Tell you what. Why don’t you and me form a ‘crowd crystal’ at the forthcoming seminar by David Icke at Wembley Arena? He’s rather good, you know. If you substitute giant lizards for Common Purpose, the bones of coherence start to glow and pulsate, like in an airport X-ray.
http://www.davidicke.com/headlines/54813-david-icke-live-at-wembley-2012-tickets-on-sale-now
President-elect Hollande apparently made many trips to England, though none of them appears to have included a visit to a tailor – his suit looks as though he had spent the night in a Hastings telephone kiosk.

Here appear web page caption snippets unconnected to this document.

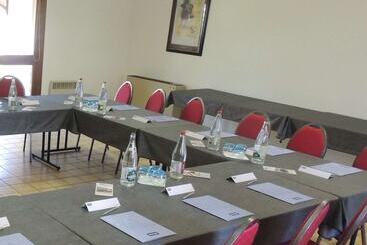 هتل Kyriad Chateauroux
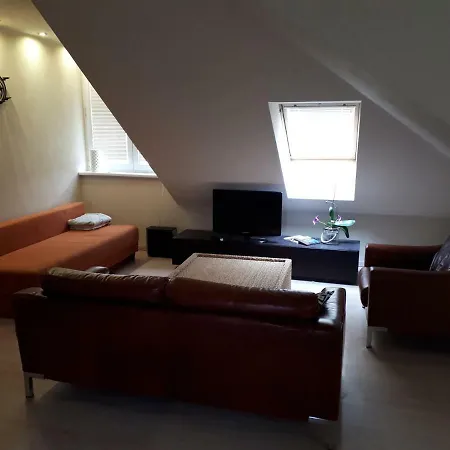 Utulny Apartman V Bratislava 15 Exterior photo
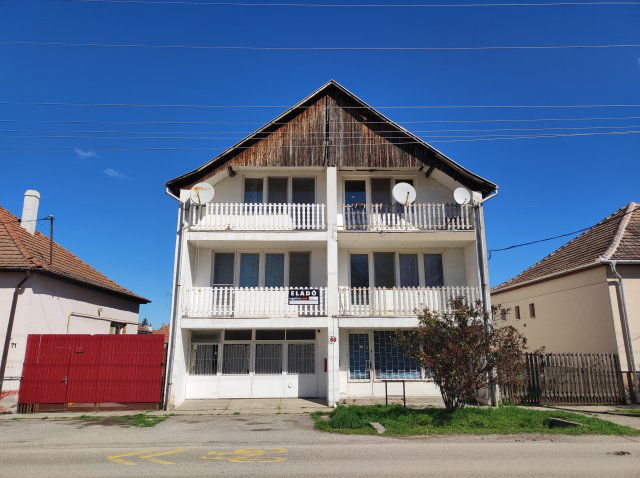 Eladó ikerház, Szegeden 79.8 M Ft, 4 szobás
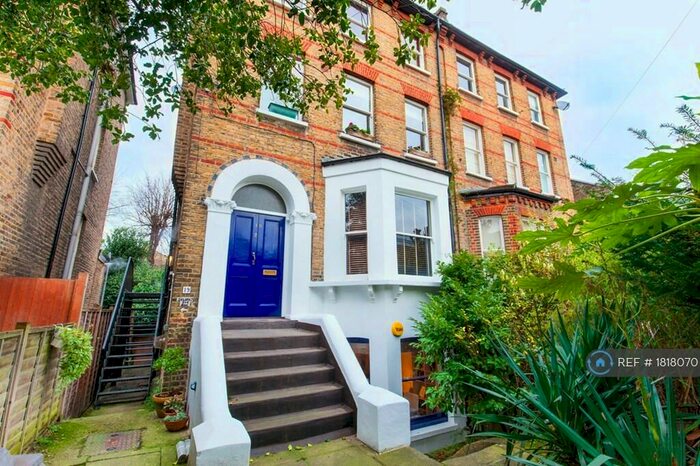 2 Bedroom Flat To Rent In Poet's Corner, London, SE24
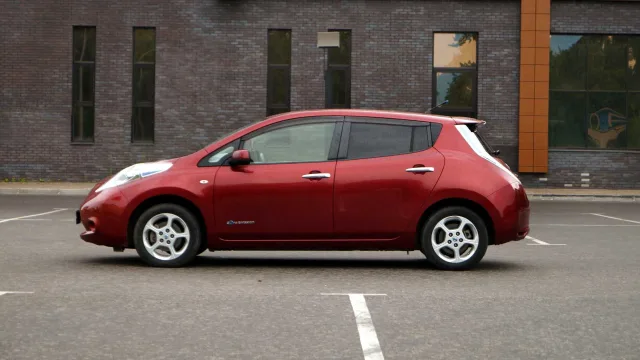 nissan-leaf-jdm-2012.jpg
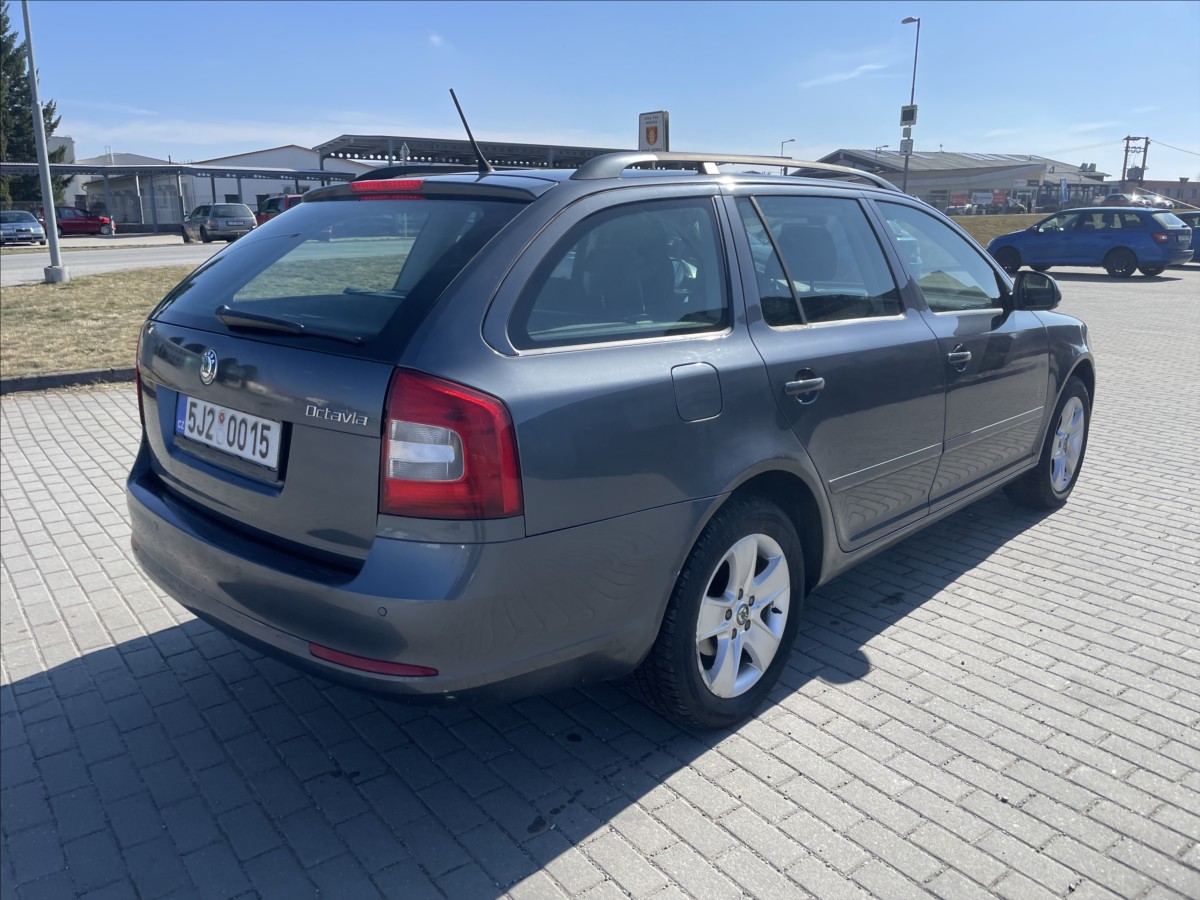 skoda-octavia-2-0-tdi-103kw-cfh-euro5 - 3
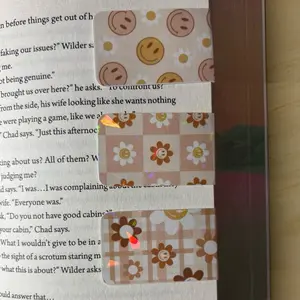 Smiley Face Magnetic Bookmark | Laminated Book Mark | Bookish Gifts | Book lovers | Retro pattern | Holographic | Magnet | Cute Bookmark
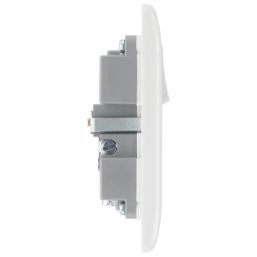 British General 800 Series 13A 1-Gang SP Switched Socket + 3A 18W 2-Outlet Type A & C USB Charger White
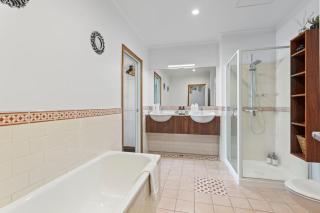 Luxury 3BR Harbourview Retreat - Auckland - 3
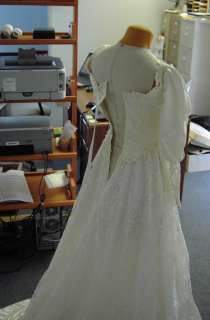 Beautiful Kleinerts Ivory Wedding Gown Size 3 Used Once  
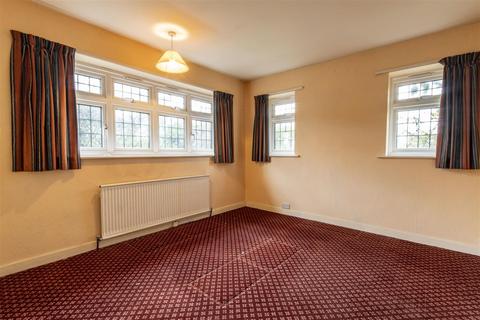18 Beechdale Close, Chesterfield, S40 4EQ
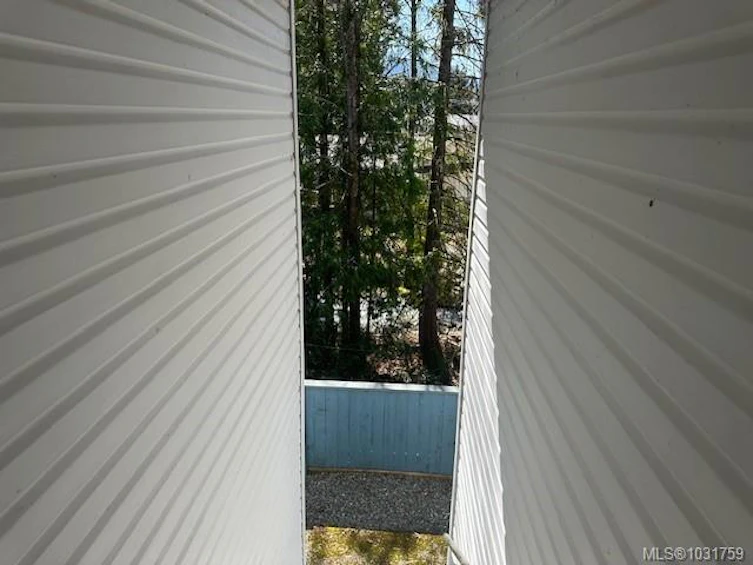 61-211 Madill Road, Lake Cowichan, BC, V0R 2G0 - 3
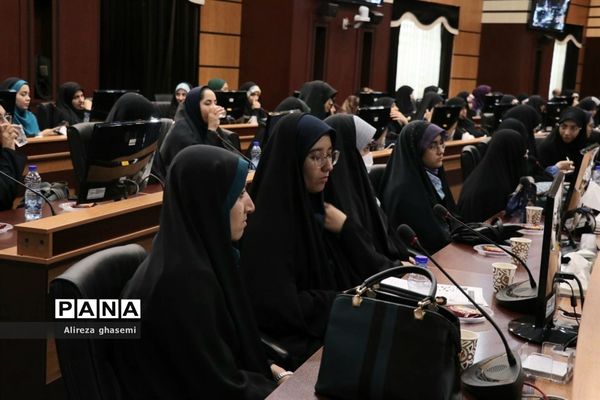 نشست جمعی از دانش‌آموزان با استاندار مرکزی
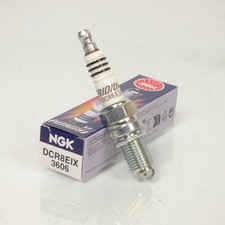 Bougie d'allumage NGK pour SSV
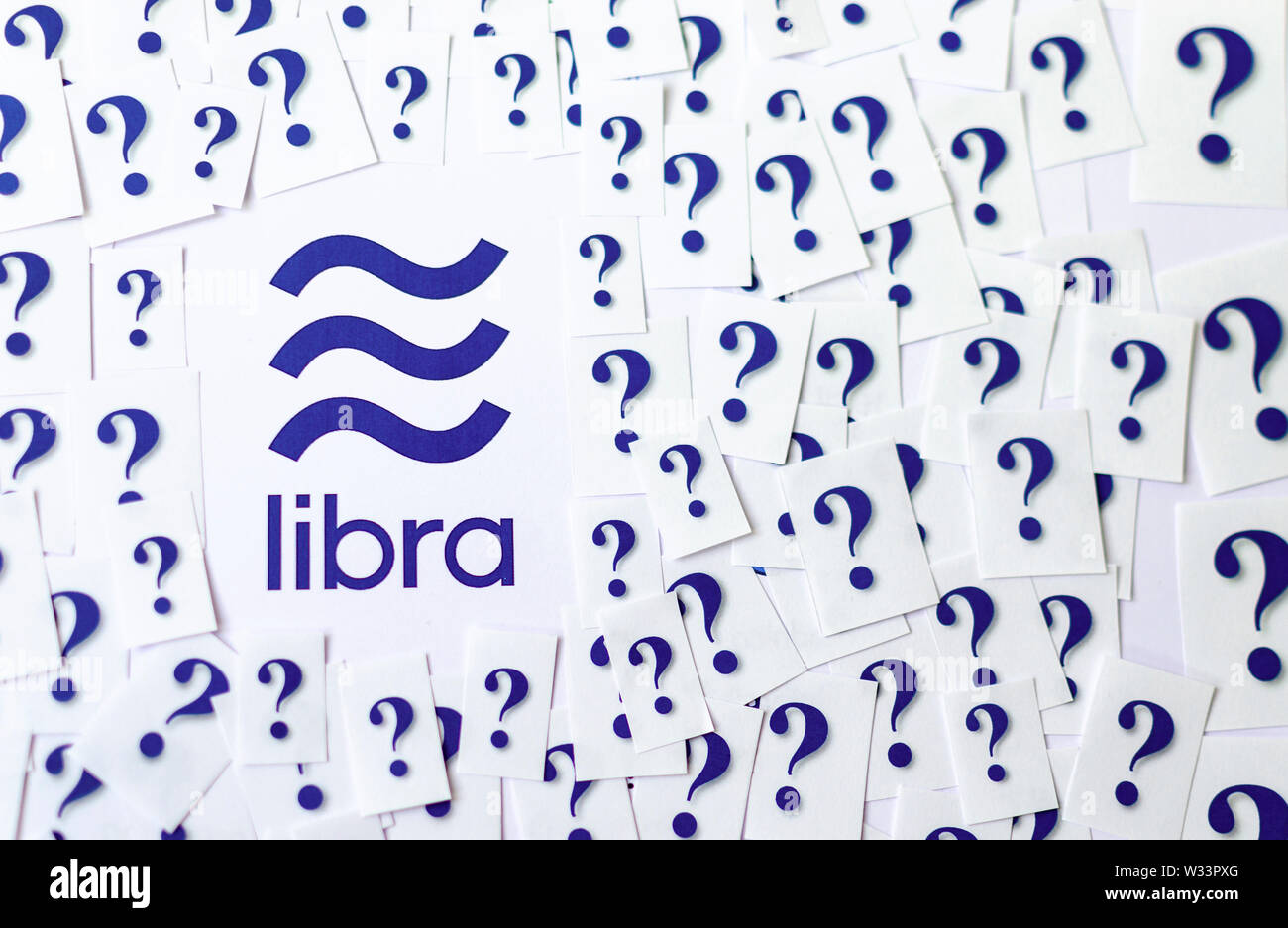 Facebook Libra logo stampato con elevato numero di carta ritagliata interrogativi intorno a. Foto concettuale: Libra solleva interrogativi e preoccupazioni intorno a. Foto Stock
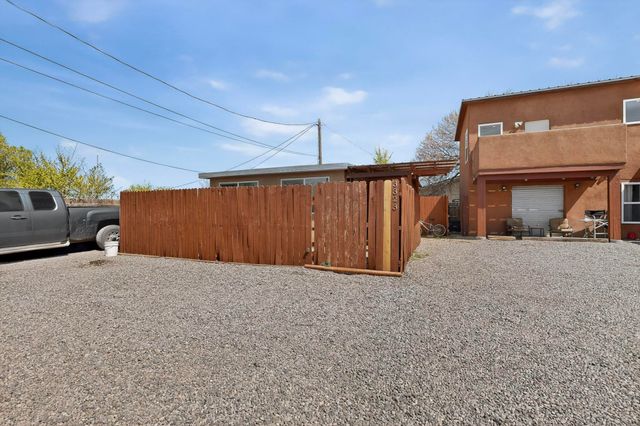 3327 Caminito Quintana, Santa Fe, NM 87507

In his victory speech, he urged his countrymen to be generous and announced opposition to austerity. As French national debt is already about 90% owned by Germany, one can imagine whose money he was urging his countrymen to be generous with.
Still, nice to have something of an Anglophile in the Elysee Palace; I shall have to learn to sing Crepe Suzette.
Learn to sing “Douce France, chere payee de mon enfance”. That is a sweet song with no politicall message. And it is how most French (indigenous) French people feel about France.
A recent letter to the Guardian(from France)points-out the Franco-German alliance under Merkel & Sarkozy was known as ‘Merkozy’.The writer wonders ,if there is a Hollande victory,they can then look forward to ‘Merde’.—(Information from The Week news mag.)
PfM.
Peter,
I’m not from Hexham but live here – We are about 5 minutes walk from the Abbey (we’ve got a good view from the house). The choir, bells and organ are all very active – all very traditional and none the worse for that.
I’ve not heard of H V Morton but will look him up. Russia and Central Asia (fact and fiction) being mostly my thing.
Whenever we visit somewhere like Hexham my wife is always suspicious and says ‘Why have we come here? What ancient Christian site are you planning to visit?’.
It is this sense of being truly surrounded by our Christian heritage which makes me so angry when politicians, judges and the media act as though we were a secular society. It is a wonderful thing to visit Hexham and touch the very cathedra that St Wilfrid sat upon. Or to visit St Augustine’s Abbey and sit at the spot where my patron saint is buried. Or to visit any of hundreds and thousands of such special places in the British Isles.
I must doubt that any of this means anything at all to almost all politicians and those with power (though not authority) at the moment.
Briekvik thing – OH why did not any of the young people defend themselves. After 10 shot dead, some others could have done something. No, they all ran away and got killed anyway.
Peter, I have posted three posts here this morning, they appear for a couple of minutes the disappear from the screen.
I asked why the deeply self-regarding and not-very-bright, but lucky, Trevor Phillips refers to Pakis “grooming” little indigenous girls to be passed around Pakis for sex. Does he mean fixing up their hair and making sure their clothes are coordinated? What does “grooming” have to do with being passed around to be raped by a serious of Pakis?
Why is this word “grooming” being used? To soften the offence and make it sound more like a social gaffe than an assault on a child?
Tevor Pbillips sould learn to speak English.
Here’s a tragically stupid comment from Jennifer:
“After 10 shot dead, some others could have done something” Like what?
“No, they all ran away and got killed anyway.” Yes, running away would be the natural human response. What would Jennifer suggest the children should have done? Disarm him?
PS – I am getting my keyboard fixed this morig. mornig. morning!